Ideally, the governments of new states would emerge consensually from political institutions representing all the political leaders who wish to govern. Unfortunately, that rarely happens. The typical default position of the international community is to recognize the leaders in control of the national capital. To win control, political leaders fight one another while looking for any edge that will help them take the capital. The more support a faction has from foreign powers, the less it requires domestic allies or has to go about the painstaking work of maintaining broad political coalitions. Indeed, once political allies are no longer necessary partners for controlling the seat of government, they are simply obstacles to continued rule. That’s often when the killing begins.
The current outbreak of violence in South Sudan is the result of the falling out between President Salva Kiir and Vice President Riek Machar. Until recently Kiir and Machar cooperatively governed through the Sudan People’s Liberation Movement. They needed each other to win independence and consolidate a new political order. But this changed when Kiir surprised party officials by dissolving all the party posts, firing the vice president, and sacking his Cabinet in mid-November. A few weeks later Kiir accused Machar of plotting a coup.
Kiir, a member of the country’s largest ethnic group, enjoys no shortage of foreign support because of his country’s oil wealth.

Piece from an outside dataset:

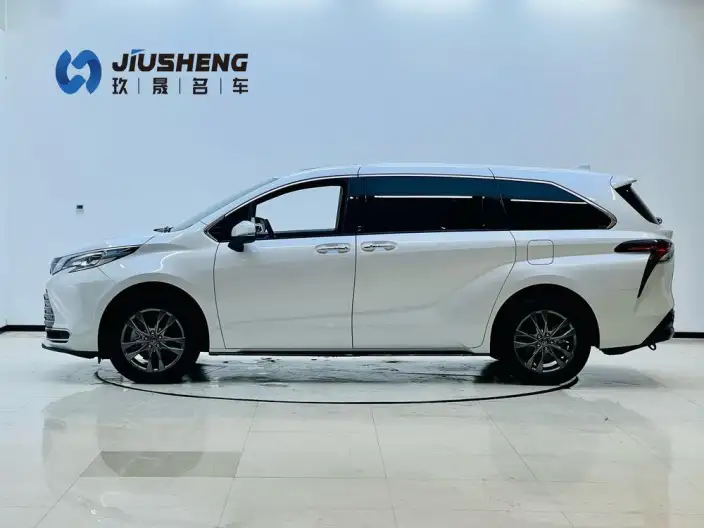 Toyota Sienna 2026 Model Hybrid 2.5L 4WD Deluxe Edition – фото 3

Petrodollars make up more than 90 percent of South Sudan’s revenues. Likewise, Ugandan President Yoweri Museveni has dispatched his security forces to the South Sudanese capital of Juba to protect Kiir's regime and has pledged that East African governments stand ready to defeat Machar, a member of the country’s second-largest ethnic group. Although various African mediators have been hosting talks since the week the fighting began, Ugandan security forces remained active despite the January cease-fire, rebels claim.

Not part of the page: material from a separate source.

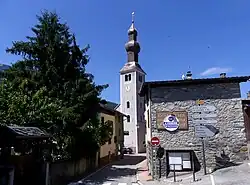 Flèche à double bulbe de l'église Saint-François-de-Sales de Bozel, surmonté d'un globe, d'une croix et d'un coq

It might seem that the growing United Nations mission in South Sudan could help save civilian lives since it is charged with protecting the displaced. But the U.N. mission can only hurt by accidentally harboring political fugitives, and through the appearance of a peace process, granting both Kiir and Malar time to marshal their forces and hire the necessary mercenaries and foreign fighters to finish the job.
Whether international involvement comes from small countries such as Cuba in Angola, superpowers like the United States in South Vietnam, or international organizations such as the European Community in the Bosnian War, it’s all counterproductive. The support of outside powers, even if well-meaning, gives belligerents the incentive to fight rather than govern through coalitions, alliances, or hard-won elections.
Nevertheless, there is a policy the international community can pursue that can save civilians from mass killing: We should make clear that any new government that consolidates its power by killing civilians will not be internationally recognized. No seat at the U.N., no membership to the World Trade Organization, no foreign aid agreements, and no participation in the World Cup or the Olympics. Nothing.
It may seem that this policy would be easy to undermine, especially if a major power such as Russia or China chose to ignore the sovereignty boycott and offer its own recognition and support. True, but this new country would essentially be agreeing to join a club of nonrecognized countries. Right now these states include the Republic of Somaliland, Nagorno-Karabakh Republic, Republic of South Ossetia, and Pridnestrovian Moldavian Republic. No one wants to be consigned to this collection of second-class states.
The killing and destruction in South Sudan is horrible. But the international community shouldn’t invest efforts in processes that make the killing worse when there are easy and inexpensive ways to save lives by keeping power permanently out of reach of murderous governments.